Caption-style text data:
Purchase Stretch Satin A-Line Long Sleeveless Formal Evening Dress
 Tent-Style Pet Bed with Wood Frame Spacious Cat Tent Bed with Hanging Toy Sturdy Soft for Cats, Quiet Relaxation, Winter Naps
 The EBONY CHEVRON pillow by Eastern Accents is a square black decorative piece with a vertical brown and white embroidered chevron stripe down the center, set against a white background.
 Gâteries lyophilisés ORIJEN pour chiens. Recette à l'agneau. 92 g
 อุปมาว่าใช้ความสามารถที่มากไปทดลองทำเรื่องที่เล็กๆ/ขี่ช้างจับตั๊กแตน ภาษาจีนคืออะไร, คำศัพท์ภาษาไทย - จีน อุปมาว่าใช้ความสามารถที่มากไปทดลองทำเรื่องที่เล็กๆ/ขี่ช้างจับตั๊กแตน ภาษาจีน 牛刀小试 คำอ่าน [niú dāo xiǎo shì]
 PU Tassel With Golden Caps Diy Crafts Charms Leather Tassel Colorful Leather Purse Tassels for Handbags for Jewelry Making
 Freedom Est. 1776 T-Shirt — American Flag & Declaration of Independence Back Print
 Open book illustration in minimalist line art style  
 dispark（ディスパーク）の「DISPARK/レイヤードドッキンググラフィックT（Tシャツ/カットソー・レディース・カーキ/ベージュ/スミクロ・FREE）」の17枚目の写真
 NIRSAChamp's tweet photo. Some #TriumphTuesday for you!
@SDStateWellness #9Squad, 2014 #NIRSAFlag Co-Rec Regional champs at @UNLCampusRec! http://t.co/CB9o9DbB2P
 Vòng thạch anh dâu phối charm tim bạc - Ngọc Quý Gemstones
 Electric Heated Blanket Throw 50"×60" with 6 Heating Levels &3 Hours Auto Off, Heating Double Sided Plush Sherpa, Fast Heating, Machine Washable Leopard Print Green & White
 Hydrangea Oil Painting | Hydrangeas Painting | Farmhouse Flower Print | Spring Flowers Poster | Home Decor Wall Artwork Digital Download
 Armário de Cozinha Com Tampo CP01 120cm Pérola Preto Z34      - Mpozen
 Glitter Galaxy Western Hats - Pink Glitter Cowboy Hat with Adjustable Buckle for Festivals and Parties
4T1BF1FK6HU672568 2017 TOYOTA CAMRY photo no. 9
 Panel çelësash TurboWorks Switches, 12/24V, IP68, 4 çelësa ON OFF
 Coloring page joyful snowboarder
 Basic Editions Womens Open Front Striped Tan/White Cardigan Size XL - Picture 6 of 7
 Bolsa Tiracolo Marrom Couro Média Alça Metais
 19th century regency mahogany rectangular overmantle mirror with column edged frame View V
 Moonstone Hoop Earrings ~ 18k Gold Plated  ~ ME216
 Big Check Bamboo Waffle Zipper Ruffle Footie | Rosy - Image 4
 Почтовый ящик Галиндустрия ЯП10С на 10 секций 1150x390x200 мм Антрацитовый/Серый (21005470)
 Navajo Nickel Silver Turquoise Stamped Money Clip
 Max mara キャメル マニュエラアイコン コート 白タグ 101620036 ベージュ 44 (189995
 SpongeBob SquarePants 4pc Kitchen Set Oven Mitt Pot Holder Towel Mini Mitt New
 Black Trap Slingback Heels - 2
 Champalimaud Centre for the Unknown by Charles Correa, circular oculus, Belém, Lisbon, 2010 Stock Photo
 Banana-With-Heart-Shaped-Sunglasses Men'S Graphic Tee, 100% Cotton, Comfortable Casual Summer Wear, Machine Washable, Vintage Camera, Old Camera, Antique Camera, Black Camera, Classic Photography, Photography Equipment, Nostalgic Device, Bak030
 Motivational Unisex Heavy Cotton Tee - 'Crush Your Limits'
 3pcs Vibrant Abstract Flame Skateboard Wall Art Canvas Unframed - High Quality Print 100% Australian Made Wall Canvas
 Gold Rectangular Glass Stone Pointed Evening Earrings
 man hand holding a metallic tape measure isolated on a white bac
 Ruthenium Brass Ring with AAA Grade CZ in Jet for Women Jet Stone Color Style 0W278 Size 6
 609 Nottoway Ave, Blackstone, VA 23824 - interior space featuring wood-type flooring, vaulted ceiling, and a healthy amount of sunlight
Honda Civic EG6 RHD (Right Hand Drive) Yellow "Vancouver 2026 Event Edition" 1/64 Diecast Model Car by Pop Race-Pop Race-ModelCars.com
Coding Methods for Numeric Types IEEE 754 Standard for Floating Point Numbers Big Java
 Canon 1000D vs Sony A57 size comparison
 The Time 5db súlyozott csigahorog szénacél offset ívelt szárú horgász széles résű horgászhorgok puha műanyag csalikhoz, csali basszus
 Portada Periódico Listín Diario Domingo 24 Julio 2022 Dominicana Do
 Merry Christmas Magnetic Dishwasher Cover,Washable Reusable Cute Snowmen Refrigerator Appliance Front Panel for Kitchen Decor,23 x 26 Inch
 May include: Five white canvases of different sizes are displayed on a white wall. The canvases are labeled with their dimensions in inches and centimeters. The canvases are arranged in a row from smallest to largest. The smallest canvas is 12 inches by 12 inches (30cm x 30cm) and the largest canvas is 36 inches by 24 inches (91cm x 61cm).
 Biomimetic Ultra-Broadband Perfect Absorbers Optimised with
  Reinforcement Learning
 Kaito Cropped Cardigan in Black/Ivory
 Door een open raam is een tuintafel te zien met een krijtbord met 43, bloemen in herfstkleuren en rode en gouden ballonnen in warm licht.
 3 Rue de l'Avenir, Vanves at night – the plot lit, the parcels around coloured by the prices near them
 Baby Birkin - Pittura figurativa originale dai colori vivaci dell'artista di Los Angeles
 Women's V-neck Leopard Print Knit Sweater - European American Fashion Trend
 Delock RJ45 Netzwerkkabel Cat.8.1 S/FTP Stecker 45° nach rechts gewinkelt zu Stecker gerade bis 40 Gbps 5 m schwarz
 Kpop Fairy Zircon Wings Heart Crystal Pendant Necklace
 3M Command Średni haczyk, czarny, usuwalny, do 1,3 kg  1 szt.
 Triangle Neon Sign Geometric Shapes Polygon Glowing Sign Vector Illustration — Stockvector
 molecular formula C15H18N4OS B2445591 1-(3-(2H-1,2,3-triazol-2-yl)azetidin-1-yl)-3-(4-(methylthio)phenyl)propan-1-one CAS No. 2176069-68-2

**Exercise requirements:** Output the lines above exactly, but only those between the line holding "Baby Birkin - Pittura" and the line holding "Triangle Neon Sign", inclusive.

**Result:**
 Baby Birkin - Pittura figurativa originale dai colori vivaci dell'artista di Los Angeles
 Women's V-neck Leopard Print Knit Sweater - European American Fashion Trend
 Delock RJ45 Netzwerkkabel Cat.8.1 S/FTP Stecker 45° nach rechts gewinkelt zu Stecker gerade bis 40 Gbps 5 m schwarz
 Kpop Fairy Zircon Wings Heart Crystal Pendant Necklace
 3M Command Średni haczyk, czarny, usuwalny, do 1,3 kg  1 szt.
 Triangle Neon Sign Geometric Shapes Polygon Glowing Sign Vector Illustration — Stockvector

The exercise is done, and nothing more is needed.